Manthan is about the cooperative milk revolution in Sanganva, Gujarat, through the eyes of a veterinarian (Girish Karnad plays a version of Verghese Kurien) and the villagers led by Bindu (Smita Patil) and Bhola (Naseeruddin Shah). Its print, restored by film heritage foundation, will be one of seven films from India at this year’s Cannes Film Festival
What’s more, one of the pioneers of the indie movie industry in India, cinematographer and director Santosh Sivan will be the first Indian filmmaker to receive the Pierre Angénieux prize for career achievement in cinematography.
It’s not to say that the cinema-less celebrities will not be visible on the red carpet. Their publicists are already breathless with excitement. We are being told that Kiara Advani will make the country proud at the Women in Cinema Gala dinner, hosted by Vanity Fair. That fashion influencer and wardrobe consultant Kinnari Jain will attend the Cannes Film Festival, where she will “support” Benegal’s Manthan.

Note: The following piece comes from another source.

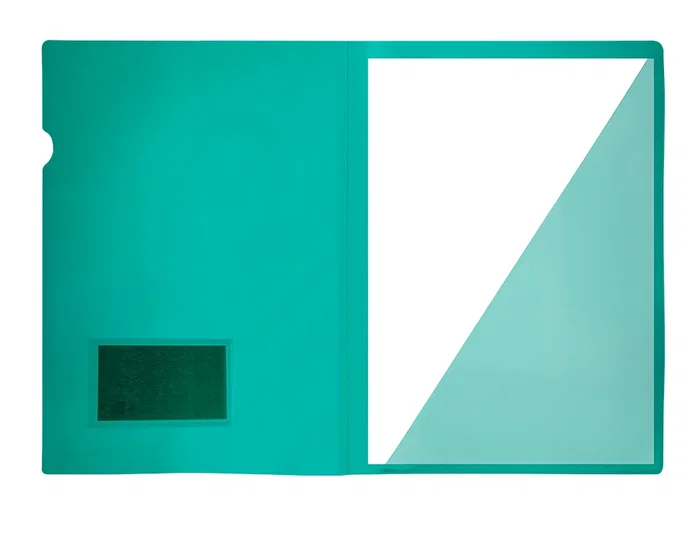 Liderpapel Carpeta dossier A4 con uñero, tarjetero y solapa interior, verde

And that Aishwarya Rai Bachchan, Aditi Rao Hydari and Sobhita Dhulipala will also walk the red carpet to the Palais des Festivals (the first two for L’Oreal and the last for an ice cream brand).
Author and filmmaker Bhuvan Lall has been to the Cannes Film Festival almost every year for the past 29 years. He says, “I have watched the Indian filmmaking community in Cannes feeling left out, struggling everywhere, rushing nowhere, barely written about, and occasionally getting some minor limelight in a sidebar. This time there is finally hope that Indian cinema will once again be of consequence as it was from the 1950s to the 1980s in Cannes.” Yet, he points out, India has never won the Palme d’Or, the top prize in Cannes. “One victory at Cannes can change everything, just as Lagaan’s Oscar nomination did for mainstream Indian cinema,” he says. Perhaps 2024 and Kapadia will be that change.
For now though, Kani Kusruti, who stars as one of two roommates in All We Imagine as Light as a nurse from Kerala, is concentrating on completing her shoot for a Malayalam movie, packing her bag, and getting ready for her close-up at Cannes.